Se a democracia representa direito sagrado aos direitos adquiridos, a democracia foi posta em causa, no caso brasileiro, de maneira muito evidente. Primeiro: no sistema presidencialista tirar um presidente com um procedimento completamente anômalo e golpista como no caso da Dilma. Em segundo lugar, por tentar impedir qualquer operação política do partido de Dilma, criminalizar Lula, estender a uma parte dos dirigentes do PT a operação Lava a Jato e tentar descartar o principal candidato do PT e o mais popular, por via judicial. Se não podemos evitar que ele se eleja a melhor forma é mantê-lo na cadeia. O cenário configura uma situação excepcional a tal ponto, que abre exceção à vigência da própria constituição e do sistema democrático. Isso deveria empurrar as esquerdas brasileiras para compreensão de que vivemos num estado de exceção e num estado de exceção se pode suspender direitos, manipular a justiça, manipular os processos eleitorais. Não se pode deter por motivos políticos representantes do povo. Não se pode e ponto final.
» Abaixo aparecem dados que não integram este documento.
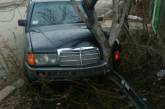 В Николаеве пьяный водитель сбил 13-летнего парня, уехал с места ДТП и врезался в дерево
Manuel Loff (Porto, 1965), Doutor em História e Civilização pelo Instituto Universitário Europeu (Florença), Professor Associado na Faculdade de Letras da Universidade do Porto, e investigador no Instituto de História Contemporânea da Universidade Nova de Lisboa. Doutor em História e Civilização pelo Instituto Universitário Europeu (Florença). Investigador em História política, ideológica e social do século XX. No âmbito dos Estudos da Memória, investiga sobre a construção social da memória da opressão ou das experiências da sua superação.